====== Information supplied ======

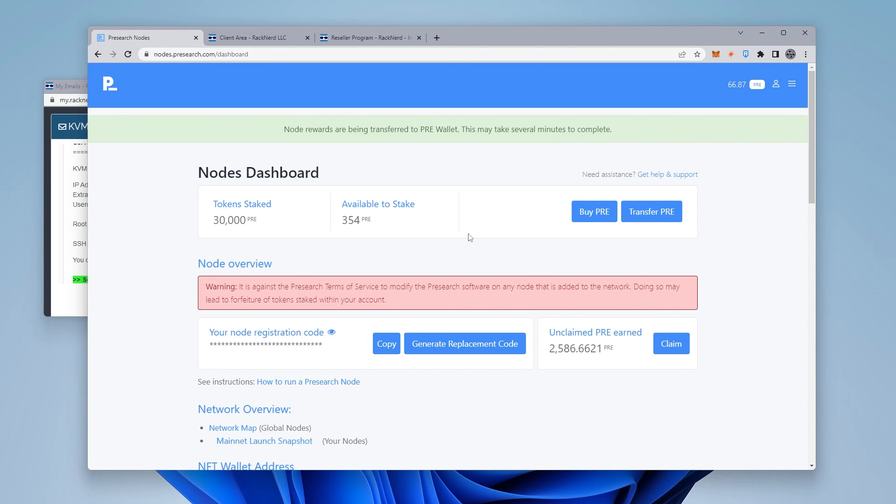That's how you create a pre-search node using Racknerd VPS. If you have any questions, go ahead and put them in the comments below. If you found this video useful, please smash the like button. Thank you for watching and I'll catch you on the next one.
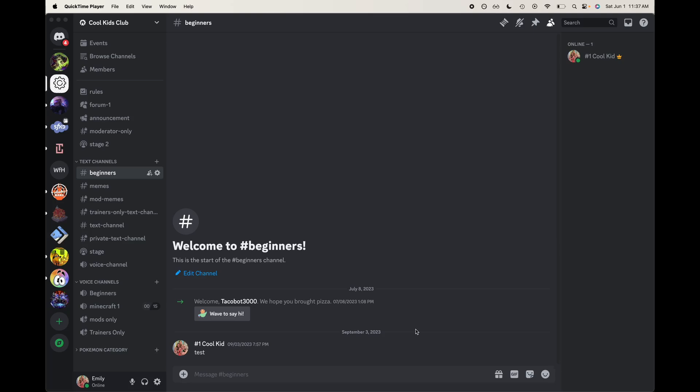Hey everyone, welcome back to my channel. Today I'm going to be showing you how to create a custom activity for your Discord server.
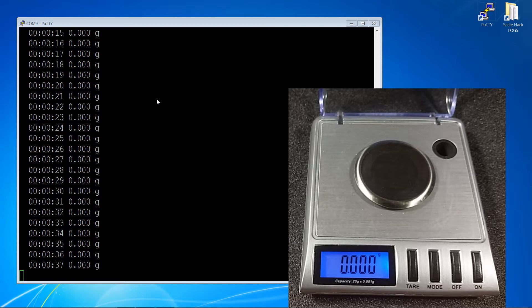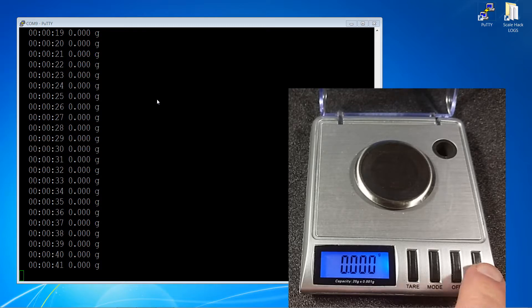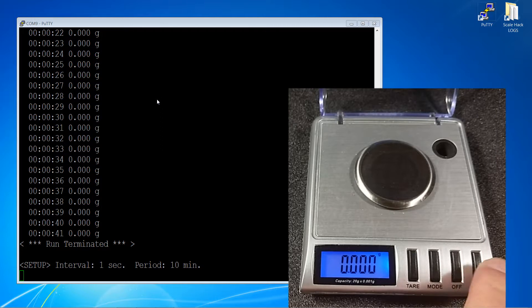When the sampling routine is running, pressing the on button again will terminate the sampling and return you to the setup state.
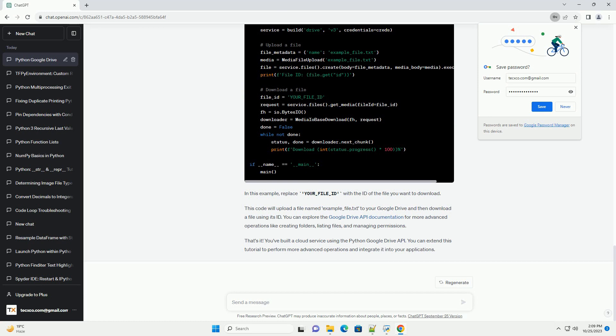You can explore the Google Drive API documentation for more advanced operations like creating folders, listing files, and managing permissions.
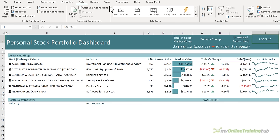The dashboard is up to date and it's easy to add new data and get up-to-date prices with a click of the refresh all button. You can download the Excel file containing the completed dashboard and links to further tutorials from the link in the description. If you like this video please give it the thumbs up and subscribe to the channel for more.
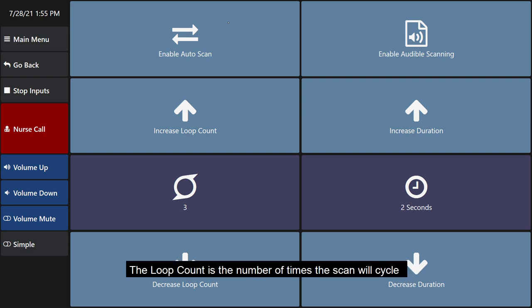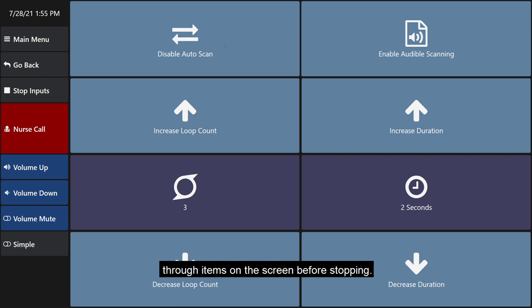The loop count is the number of times the scan will cycle through items on the screen before stopping.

======

[Action item] Output the listing exactly, pictures excluded.

[Expected output]
That's how you create a pre-search node using Racknerd VPS. If you have any questions, go ahead and put them in the comments below. If you found this video useful, please smash the like button. Thank you for watching and I'll catch you on the next one.
Hey everyone, welcome back to my channel. Today I'm going to be showing you how to create a custom activity for your Discord server.
When the sampling routine is running, pressing the on button again will terminate the sampling and return you to the setup state.
You can explore the Google Drive API documentation for more advanced operations like creating folders, listing files, and managing permissions.
The dashboard is up to date and it's easy to add new data and get up-to-date prices with a click of the refresh all button. You can download the Excel file containing the completed dashboard and links to further tutorials from the link in the description. If you like this video please give it the thumbs up and subscribe to the channel for more.
The loop count is the number of times the scan will cycle through items on the screen before stopping.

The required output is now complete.